──────── Recorded data

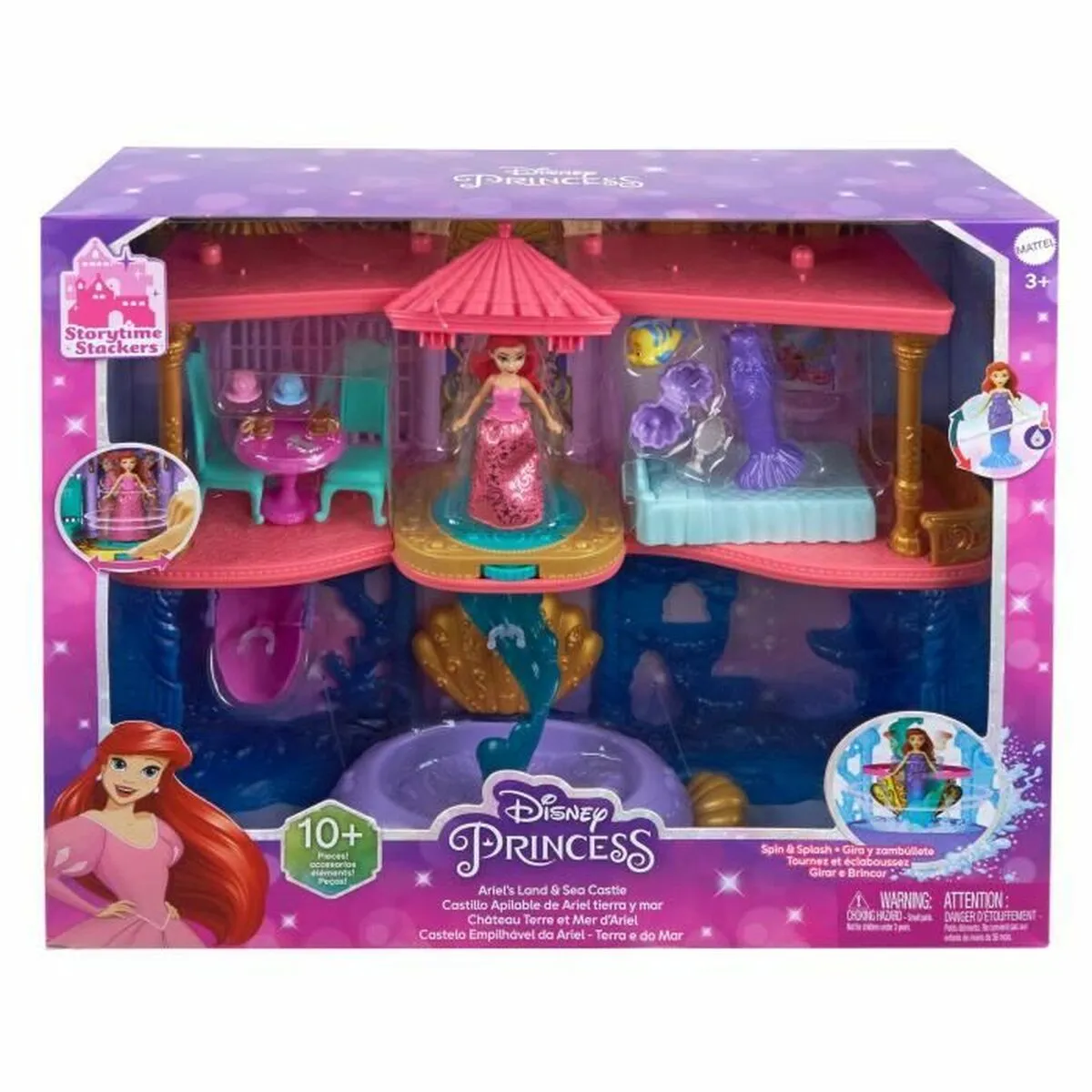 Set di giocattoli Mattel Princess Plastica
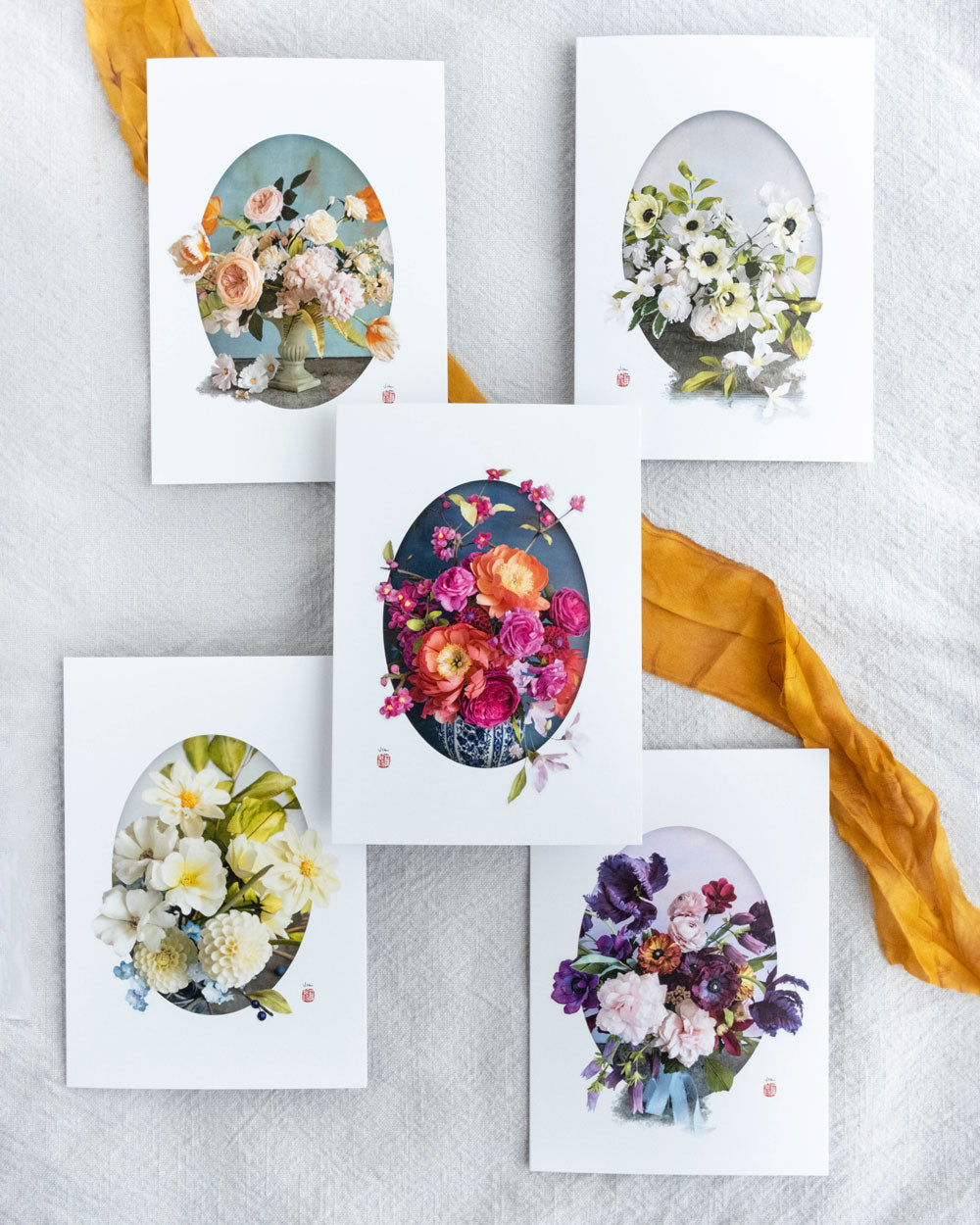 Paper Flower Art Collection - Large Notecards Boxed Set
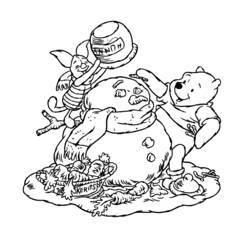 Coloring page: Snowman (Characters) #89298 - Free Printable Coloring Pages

────────────────

Task item.
Apart from the images, please copy every line of the data exactly as written.

Answer to this exercise.
 Set di giocattoli Mattel Princess Plastica
 Paper Flower Art Collection - Large Notecards Boxed Set
 Coloring page: Snowman (Characters) #89298 - Free Printable Coloring Pages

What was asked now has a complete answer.